COLLECTED MATERIAL =
= = = = =
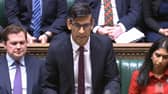 Prime Minister Rishi Sunak.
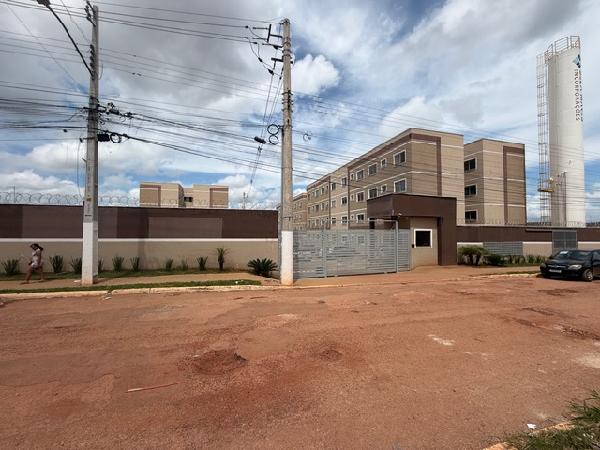 Apartamento, Parque da Barragem Setor 03, Águas Lindas de Goiás, GO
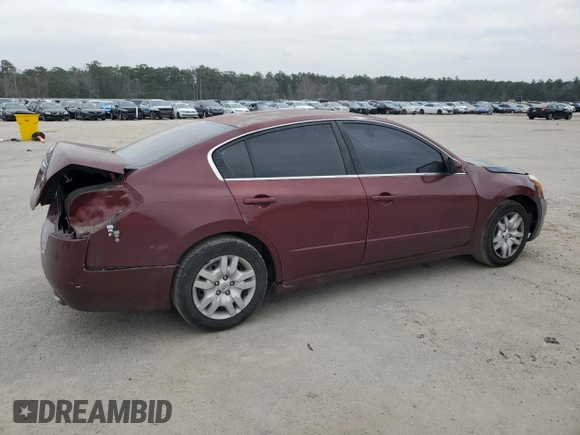 2012 Nissan Altima 2.5 S with VIN 1N4AL2AP0CN535569, listed as a Copart auction lot 48733415 with 151,179 mi miles and Salvage Title. Bid and sale history available at carsss.com. Image 3.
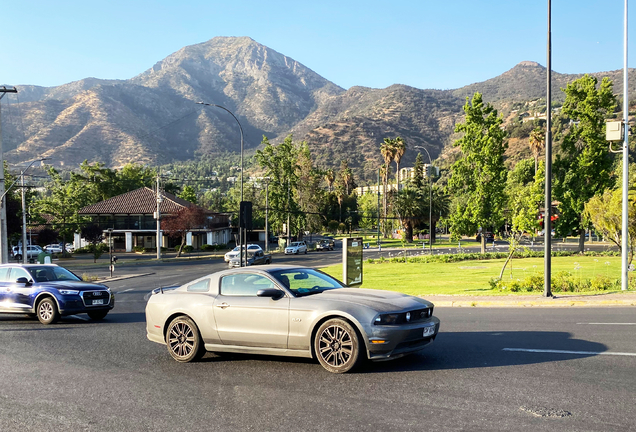 Ford Mustang GT 2010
= = = = =
EXERCISE GOAL =
Starting with the line that contains "Apartamento, Parque da", reproduce every line down to the end of the listing above, both endpoints included. Pictures stay out.

WRITTEN RESPONSE =
 Apartamento, Parque da Barragem Setor 03, Águas Lindas de Goiás, GO
 2012 Nissan Altima 2.5 S with VIN 1N4AL2AP0CN535569, listed as a Copart auction lot 48733415 with 151,179 mi miles and Salvage Title. Bid and sale history available at carsss.com. Image 3.
 Ford Mustang GT 2010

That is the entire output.